_Records for this task_:

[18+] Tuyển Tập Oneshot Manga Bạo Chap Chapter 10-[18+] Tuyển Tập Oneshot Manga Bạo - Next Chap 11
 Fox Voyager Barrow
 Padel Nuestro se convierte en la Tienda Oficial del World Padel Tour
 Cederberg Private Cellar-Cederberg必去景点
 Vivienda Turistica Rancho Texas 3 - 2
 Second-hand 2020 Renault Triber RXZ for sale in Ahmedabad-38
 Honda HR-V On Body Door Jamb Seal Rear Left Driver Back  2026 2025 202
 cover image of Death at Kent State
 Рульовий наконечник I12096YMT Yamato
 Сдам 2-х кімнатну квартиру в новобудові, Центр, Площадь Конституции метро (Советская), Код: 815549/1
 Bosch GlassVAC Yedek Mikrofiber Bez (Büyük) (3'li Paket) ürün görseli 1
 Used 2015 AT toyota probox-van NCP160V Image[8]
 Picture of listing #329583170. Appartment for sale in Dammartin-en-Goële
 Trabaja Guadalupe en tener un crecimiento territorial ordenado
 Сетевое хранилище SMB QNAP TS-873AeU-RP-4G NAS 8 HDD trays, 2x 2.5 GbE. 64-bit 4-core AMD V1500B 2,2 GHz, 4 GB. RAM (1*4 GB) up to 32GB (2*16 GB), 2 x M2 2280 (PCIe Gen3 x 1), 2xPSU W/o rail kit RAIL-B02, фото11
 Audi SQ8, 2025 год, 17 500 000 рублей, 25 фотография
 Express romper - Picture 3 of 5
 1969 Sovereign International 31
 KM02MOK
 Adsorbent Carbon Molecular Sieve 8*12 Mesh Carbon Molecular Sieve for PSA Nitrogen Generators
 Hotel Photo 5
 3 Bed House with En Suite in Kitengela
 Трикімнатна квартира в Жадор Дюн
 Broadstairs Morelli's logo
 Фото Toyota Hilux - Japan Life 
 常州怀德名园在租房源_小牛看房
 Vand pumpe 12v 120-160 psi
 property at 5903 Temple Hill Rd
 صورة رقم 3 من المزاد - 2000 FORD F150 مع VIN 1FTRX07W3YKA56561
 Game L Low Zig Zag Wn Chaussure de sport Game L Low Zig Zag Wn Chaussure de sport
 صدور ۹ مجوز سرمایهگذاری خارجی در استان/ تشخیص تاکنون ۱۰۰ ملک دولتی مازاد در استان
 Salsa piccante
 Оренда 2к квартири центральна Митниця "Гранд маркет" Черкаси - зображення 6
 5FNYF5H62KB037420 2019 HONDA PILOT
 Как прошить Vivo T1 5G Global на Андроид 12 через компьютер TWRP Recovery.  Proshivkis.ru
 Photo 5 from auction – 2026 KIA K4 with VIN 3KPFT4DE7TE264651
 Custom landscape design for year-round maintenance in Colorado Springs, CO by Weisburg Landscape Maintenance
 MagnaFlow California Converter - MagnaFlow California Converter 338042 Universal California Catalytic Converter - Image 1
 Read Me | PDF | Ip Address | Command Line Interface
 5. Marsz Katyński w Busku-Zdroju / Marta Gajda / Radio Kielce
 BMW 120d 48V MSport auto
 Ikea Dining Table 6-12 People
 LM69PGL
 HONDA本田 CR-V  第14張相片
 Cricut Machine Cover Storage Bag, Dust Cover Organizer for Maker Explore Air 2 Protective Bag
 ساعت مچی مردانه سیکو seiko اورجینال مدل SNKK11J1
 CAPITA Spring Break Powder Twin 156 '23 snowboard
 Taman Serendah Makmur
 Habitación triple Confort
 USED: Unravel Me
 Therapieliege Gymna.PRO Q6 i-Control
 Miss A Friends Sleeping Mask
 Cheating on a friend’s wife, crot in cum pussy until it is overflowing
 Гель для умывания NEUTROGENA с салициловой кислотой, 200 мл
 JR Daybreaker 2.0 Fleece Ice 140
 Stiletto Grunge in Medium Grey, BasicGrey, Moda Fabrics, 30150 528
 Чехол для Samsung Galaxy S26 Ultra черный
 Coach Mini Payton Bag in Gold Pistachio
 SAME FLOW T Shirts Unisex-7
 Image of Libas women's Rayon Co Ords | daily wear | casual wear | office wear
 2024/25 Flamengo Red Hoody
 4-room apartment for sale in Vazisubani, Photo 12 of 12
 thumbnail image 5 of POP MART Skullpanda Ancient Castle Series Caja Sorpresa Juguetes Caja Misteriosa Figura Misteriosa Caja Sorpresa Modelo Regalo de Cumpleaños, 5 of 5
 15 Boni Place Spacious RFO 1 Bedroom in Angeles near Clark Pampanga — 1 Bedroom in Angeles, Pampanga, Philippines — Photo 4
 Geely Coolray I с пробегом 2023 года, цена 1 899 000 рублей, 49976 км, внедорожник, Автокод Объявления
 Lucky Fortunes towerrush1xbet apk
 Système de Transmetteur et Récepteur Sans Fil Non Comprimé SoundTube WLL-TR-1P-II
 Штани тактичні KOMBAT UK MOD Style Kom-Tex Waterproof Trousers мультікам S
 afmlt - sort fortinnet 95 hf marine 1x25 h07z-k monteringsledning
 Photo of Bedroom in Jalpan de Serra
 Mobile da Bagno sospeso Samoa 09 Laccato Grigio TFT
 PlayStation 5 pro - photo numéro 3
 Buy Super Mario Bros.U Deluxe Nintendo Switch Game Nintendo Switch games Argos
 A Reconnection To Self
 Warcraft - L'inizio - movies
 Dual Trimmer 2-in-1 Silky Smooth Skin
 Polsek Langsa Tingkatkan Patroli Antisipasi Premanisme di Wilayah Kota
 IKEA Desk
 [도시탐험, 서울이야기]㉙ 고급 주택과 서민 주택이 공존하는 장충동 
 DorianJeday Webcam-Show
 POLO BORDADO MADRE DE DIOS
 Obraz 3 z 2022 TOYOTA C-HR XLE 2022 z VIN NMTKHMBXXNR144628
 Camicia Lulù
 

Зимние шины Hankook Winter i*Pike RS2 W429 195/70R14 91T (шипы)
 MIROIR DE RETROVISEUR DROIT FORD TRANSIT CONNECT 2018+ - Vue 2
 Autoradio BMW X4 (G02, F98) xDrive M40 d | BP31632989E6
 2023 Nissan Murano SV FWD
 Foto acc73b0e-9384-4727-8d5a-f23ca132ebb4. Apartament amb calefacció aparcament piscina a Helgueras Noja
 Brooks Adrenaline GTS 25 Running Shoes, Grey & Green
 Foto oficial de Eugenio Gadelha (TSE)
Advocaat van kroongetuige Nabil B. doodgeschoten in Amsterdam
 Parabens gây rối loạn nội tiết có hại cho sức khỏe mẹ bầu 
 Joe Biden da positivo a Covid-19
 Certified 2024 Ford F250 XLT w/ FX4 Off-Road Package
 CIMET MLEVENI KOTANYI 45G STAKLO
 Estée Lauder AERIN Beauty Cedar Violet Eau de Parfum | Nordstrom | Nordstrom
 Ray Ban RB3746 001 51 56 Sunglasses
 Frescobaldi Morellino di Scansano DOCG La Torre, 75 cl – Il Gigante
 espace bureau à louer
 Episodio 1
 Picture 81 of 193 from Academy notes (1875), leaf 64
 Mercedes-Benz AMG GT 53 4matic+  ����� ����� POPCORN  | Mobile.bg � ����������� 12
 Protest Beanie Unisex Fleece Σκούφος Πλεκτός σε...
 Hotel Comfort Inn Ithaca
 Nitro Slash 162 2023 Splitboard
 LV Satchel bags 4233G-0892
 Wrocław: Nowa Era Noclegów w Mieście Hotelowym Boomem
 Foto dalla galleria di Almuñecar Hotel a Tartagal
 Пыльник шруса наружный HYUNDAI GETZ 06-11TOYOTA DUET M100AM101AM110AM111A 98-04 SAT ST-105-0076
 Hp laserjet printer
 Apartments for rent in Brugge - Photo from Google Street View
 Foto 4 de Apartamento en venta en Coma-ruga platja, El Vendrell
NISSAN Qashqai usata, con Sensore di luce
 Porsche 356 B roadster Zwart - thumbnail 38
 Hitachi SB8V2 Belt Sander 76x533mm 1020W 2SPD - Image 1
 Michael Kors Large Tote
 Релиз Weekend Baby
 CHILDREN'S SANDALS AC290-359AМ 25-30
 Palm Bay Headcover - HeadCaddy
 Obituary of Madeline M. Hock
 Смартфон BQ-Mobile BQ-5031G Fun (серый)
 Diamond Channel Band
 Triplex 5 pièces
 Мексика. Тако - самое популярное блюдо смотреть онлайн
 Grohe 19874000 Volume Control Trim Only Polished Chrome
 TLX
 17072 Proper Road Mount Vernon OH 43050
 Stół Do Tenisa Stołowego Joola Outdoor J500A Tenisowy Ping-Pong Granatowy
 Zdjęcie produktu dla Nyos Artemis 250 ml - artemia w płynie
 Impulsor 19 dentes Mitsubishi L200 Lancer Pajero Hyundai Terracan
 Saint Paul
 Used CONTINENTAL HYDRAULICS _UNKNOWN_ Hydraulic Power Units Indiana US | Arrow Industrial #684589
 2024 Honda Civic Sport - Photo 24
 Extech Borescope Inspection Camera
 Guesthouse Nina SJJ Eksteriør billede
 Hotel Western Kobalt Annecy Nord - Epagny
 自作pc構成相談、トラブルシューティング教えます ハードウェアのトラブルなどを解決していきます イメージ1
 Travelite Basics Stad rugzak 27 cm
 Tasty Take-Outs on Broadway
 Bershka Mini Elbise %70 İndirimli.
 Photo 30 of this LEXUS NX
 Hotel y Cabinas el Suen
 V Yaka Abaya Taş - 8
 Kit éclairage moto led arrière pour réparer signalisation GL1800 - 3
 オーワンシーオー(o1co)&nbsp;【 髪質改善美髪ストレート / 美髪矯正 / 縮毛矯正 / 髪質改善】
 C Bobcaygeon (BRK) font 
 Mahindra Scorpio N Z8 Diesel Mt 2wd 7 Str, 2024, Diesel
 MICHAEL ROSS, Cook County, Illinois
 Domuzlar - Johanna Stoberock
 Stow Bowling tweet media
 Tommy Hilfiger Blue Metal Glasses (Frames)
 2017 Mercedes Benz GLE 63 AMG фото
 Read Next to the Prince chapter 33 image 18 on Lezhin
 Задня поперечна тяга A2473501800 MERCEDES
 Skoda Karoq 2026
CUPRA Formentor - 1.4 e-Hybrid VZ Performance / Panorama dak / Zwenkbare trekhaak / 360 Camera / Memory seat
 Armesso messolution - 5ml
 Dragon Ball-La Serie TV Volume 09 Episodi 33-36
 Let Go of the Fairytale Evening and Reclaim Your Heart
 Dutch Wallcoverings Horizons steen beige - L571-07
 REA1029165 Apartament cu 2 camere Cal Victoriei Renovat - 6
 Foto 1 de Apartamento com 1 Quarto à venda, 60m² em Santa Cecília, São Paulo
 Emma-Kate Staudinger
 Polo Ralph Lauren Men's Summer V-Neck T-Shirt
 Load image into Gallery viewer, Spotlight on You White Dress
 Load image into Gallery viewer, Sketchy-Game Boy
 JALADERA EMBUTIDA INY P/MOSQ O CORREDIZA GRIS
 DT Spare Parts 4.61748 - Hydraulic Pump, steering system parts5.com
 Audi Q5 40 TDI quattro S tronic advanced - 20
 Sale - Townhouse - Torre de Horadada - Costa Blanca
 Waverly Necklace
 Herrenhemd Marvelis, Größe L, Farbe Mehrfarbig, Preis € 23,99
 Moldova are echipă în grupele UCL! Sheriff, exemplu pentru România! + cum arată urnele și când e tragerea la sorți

_About this exercise_: From the records above, retype only the lines starting at the line that contains "Vand pumpe 12v 120-160 psi" and ending at the line that contains "5. Marsz Katyński", both included.

_Solution_:
 Vand pumpe 12v 120-160 psi
 property at 5903 Temple Hill Rd
 صورة رقم 3 من المزاد - 2000 FORD F150 مع VIN 1FTRX07W3YKA56561
 Game L Low Zig Zag Wn Chaussure de sport Game L Low Zig Zag Wn Chaussure de sport
 صدور ۹ مجوز سرمایهگذاری خارجی در استان/ تشخیص تاکنون ۱۰۰ ملک دولتی مازاد در استان
 Salsa piccante
 Оренда 2к квартири центральна Митниця "Гранд маркет" Черкаси - зображення 6
 5FNYF5H62KB037420 2019 HONDA PILOT
 Как прошить Vivo T1 5G Global на Андроид 12 через компьютер TWRP Recovery.  Proshivkis.ru
 Photo 5 from auction – 2026 KIA K4 with VIN 3KPFT4DE7TE264651
 Custom landscape design for year-round maintenance in Colorado Springs, CO by Weisburg Landscape Maintenance
 MagnaFlow California Converter - MagnaFlow California Converter 338042 Universal California Catalytic Converter - Image 1
 Read Me | PDF | Ip Address | Command Line Interface
 5. Marsz Katyński w Busku-Zdroju / Marta Gajda / Radio Kielce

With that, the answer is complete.